Targeting myeloid-derived suppressor cells with colony stimulating factor-1 receptor blockade can reverse immune resistance to immunotherapy in indoleamine 2,3-dioxygenase-expressing tumors

•Tumor-infiltrating MDSCs promote accelerated outgrowth of IDO-expressing tumors.•MDSCs infiltrating IDO-expressing tumors mediate resistance to immunotherapy.•Combination of CSF-1R blockade with IDO inhibitors potently elicits tumor regression.•CSF-1R blockade sensitizes tumors to the effects of immune checkpoint blockade.Our data demonstrate that therapy with CSF-1R-blocking agents offers therapeutic benefit as a single agent and potentiates the effect of immunotherapeutic agents in IDO-expressing tumors infiltrated with CSF-1R-expressing MDSCs. These findings provide important insights into basic mechanisms underlying IDO mediated immune suppression and resistance to immunotherapies. In addition, it provides a strong rationale for therapeutic combinations with CSF-1R inhibitors in tumors expressing elevated IDO and highly infiltrated with MDSCs as predictive biomarkers.

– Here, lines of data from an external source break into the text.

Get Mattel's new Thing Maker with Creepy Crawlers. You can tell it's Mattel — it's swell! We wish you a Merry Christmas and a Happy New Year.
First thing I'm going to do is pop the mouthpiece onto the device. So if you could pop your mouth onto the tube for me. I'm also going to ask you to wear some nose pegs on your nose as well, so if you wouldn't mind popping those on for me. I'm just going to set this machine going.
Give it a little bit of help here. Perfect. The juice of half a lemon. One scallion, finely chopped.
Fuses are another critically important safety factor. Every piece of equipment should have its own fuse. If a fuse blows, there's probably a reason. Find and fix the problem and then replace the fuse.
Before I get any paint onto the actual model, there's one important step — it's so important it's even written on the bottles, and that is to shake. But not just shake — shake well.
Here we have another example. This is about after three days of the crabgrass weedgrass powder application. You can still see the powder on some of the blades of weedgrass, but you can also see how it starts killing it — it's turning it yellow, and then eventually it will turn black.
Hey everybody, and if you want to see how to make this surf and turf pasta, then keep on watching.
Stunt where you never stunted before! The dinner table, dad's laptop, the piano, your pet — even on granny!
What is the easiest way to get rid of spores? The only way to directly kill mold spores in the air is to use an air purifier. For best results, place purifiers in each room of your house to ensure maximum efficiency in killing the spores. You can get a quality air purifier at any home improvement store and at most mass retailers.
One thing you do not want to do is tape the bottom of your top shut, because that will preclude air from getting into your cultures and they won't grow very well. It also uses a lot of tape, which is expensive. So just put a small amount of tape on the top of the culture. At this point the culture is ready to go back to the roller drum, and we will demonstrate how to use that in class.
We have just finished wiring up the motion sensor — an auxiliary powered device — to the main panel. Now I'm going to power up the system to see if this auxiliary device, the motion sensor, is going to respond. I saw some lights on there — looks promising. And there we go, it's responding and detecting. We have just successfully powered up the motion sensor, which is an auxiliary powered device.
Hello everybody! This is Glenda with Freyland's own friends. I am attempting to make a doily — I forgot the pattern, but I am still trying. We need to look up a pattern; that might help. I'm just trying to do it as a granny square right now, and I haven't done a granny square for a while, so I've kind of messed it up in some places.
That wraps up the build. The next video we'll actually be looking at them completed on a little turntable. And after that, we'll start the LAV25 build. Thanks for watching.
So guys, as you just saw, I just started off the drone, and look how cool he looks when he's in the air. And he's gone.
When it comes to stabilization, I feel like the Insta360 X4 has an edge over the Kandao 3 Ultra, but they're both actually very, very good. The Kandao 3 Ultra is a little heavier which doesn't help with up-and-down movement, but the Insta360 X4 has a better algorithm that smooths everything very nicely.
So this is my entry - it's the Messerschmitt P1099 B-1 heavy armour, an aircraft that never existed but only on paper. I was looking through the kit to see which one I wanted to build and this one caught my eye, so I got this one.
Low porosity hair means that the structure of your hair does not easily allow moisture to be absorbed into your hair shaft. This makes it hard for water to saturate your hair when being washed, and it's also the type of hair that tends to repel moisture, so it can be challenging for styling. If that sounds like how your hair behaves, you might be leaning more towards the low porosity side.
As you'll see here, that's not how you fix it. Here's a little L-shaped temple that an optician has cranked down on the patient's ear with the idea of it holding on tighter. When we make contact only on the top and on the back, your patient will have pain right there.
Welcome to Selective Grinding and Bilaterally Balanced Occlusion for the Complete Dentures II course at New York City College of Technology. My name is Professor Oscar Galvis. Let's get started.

Tumor indoleamine 2,3-dioxygenase (IDO) promotes immunosuppression by direct action on effector T cells and Tregs and through recruitment, expansion and activation of myeloid-derived suppressor cells (MDSCs). Targeting of MDSCs is clinically being explored as a therapeutic strategy, though optimal targeting strategies and biomarkers predictive of response are presently unknown. Maturation and tumor recruitment of MDSCs are dependent on signaling through the receptor tyrosine kinase CSF-1R on myeloid cells. Here, we show that MDSCs are the critical cell population in IDO-expressing B16 tumors in mediating accelerated tumor outgrowth and resistance to immunotherapy. Using a clinically relevant drug, we show that inhibition of CSF-1R signaling can functionally block tumor-infiltrating MDSCs and enhance anti-tumor T cell responses. Furthermore, inhibition of CSF-1R sensitizes IDO-expressing tumors to immunotherapy with T cell checkpoint blockade, and combination of CSF-1R blockade with IDO inhibitors potently elicits tumor regression. These findings provide evidence for a critical and functional role for MDSCs on the in vivo outcome of IDO-expressing tumors.